Copy each line below that includes "Large".
Top of Records to process
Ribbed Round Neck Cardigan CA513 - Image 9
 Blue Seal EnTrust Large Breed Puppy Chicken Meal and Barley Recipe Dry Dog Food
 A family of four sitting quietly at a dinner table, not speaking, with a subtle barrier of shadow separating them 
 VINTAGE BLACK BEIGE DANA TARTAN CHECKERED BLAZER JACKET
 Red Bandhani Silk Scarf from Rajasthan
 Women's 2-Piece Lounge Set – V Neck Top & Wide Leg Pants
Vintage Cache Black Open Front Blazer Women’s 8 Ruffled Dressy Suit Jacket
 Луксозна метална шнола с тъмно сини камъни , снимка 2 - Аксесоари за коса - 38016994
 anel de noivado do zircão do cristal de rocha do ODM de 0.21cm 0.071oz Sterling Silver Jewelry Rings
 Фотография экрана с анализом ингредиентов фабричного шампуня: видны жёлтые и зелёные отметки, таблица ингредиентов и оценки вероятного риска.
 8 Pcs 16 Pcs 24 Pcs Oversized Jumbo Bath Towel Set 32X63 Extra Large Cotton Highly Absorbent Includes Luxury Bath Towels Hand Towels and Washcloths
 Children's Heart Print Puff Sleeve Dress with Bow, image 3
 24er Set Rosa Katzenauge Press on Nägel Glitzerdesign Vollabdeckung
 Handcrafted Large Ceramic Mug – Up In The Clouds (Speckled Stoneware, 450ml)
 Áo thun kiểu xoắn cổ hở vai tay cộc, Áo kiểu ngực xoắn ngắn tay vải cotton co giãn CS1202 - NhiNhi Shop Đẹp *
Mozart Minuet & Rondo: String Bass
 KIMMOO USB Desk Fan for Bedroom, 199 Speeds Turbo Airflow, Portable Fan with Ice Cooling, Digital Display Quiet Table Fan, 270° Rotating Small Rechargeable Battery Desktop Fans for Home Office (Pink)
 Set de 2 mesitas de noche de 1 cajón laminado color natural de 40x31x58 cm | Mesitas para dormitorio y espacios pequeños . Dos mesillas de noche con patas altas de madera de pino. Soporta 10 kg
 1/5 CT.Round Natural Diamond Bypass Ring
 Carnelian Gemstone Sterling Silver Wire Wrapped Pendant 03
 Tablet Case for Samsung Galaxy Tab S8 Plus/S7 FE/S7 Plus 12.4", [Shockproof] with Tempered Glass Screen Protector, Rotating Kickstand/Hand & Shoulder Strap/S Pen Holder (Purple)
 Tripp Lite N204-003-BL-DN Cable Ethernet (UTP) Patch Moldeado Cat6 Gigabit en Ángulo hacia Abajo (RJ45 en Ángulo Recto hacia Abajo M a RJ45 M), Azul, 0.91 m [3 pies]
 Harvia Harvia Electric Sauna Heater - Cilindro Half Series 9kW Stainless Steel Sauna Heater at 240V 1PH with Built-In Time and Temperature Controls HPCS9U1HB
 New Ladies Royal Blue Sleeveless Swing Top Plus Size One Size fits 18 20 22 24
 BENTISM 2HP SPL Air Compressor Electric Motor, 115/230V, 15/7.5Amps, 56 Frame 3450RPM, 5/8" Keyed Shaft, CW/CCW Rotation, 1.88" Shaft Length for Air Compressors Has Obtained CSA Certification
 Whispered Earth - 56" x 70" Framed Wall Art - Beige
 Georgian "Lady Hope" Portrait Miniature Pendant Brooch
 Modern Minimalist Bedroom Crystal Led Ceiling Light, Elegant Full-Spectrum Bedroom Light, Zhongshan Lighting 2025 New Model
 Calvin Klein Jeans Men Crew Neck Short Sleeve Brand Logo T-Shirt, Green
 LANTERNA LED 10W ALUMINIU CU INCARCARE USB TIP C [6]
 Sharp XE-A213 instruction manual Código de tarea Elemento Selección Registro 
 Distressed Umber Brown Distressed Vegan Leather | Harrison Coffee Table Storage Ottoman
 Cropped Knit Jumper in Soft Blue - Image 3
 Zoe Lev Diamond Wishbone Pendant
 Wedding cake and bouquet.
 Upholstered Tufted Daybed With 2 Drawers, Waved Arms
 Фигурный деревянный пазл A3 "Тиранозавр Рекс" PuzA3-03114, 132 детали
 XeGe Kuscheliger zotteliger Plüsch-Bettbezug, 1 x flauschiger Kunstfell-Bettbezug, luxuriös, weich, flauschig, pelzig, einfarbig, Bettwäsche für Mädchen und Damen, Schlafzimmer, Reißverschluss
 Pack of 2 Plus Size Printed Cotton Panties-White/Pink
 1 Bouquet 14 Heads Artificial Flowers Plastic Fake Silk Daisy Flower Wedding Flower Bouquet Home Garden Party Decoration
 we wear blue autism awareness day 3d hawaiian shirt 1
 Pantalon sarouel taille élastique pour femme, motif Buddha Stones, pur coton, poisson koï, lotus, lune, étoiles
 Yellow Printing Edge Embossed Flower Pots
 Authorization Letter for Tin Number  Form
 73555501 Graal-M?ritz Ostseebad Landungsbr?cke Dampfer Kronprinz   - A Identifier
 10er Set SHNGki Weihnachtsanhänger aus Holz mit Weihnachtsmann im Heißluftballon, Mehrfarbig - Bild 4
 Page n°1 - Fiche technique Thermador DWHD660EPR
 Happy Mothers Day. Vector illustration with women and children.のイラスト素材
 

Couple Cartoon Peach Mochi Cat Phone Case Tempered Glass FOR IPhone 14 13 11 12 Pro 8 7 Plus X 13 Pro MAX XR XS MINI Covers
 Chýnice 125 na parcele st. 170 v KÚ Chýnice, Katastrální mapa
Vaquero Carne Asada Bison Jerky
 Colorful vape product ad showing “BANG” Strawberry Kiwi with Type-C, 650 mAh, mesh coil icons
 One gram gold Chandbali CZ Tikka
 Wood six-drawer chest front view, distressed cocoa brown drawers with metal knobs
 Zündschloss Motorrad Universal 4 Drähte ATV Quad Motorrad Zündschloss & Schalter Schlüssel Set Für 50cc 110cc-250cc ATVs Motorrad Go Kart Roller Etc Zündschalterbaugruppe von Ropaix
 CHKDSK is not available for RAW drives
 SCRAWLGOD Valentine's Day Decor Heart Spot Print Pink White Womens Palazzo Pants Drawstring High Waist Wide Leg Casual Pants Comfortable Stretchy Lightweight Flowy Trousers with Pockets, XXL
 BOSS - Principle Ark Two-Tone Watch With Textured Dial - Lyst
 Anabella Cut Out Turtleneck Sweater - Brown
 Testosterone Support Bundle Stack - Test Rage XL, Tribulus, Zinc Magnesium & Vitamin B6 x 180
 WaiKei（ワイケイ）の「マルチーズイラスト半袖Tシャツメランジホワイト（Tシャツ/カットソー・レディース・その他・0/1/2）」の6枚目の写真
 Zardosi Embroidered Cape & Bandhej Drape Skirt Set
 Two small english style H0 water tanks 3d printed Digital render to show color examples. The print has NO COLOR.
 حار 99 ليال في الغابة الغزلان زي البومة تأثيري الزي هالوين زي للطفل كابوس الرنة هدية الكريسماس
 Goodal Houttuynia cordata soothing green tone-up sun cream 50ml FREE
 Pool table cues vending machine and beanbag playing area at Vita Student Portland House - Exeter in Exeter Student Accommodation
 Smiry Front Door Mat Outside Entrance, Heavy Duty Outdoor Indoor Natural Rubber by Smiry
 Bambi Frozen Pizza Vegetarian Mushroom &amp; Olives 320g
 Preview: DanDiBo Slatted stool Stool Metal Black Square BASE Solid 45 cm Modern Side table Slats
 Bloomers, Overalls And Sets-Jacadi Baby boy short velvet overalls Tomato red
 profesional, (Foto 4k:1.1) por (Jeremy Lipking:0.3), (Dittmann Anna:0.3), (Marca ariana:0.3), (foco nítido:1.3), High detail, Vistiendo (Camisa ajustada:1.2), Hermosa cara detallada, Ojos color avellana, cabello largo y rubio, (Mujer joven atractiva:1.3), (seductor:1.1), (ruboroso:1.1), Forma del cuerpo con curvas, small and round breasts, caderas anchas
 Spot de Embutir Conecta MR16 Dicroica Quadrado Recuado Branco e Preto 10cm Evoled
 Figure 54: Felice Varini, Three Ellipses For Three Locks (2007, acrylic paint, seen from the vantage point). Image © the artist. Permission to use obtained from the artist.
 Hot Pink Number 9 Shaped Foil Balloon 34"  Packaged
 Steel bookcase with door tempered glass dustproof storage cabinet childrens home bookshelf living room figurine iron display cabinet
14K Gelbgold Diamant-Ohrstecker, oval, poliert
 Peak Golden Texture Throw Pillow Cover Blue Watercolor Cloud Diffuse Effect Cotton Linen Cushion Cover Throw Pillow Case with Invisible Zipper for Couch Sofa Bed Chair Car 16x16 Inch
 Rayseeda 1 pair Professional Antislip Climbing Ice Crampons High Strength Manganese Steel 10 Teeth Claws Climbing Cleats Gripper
Bottom of Records to process
> **Exercise solution**:
 Blue Seal EnTrust Large Breed Puppy Chicken Meal and Barley Recipe Dry Dog Food
 8 Pcs 16 Pcs 24 Pcs Oversized Jumbo Bath Towel Set 32X63 Extra Large Cotton Highly Absorbent Includes Luxury Bath Towels Hand Towels and Washcloths
 Handcrafted Large Ceramic Mug – Up In The Clouds (Speckled Stoneware, 450ml)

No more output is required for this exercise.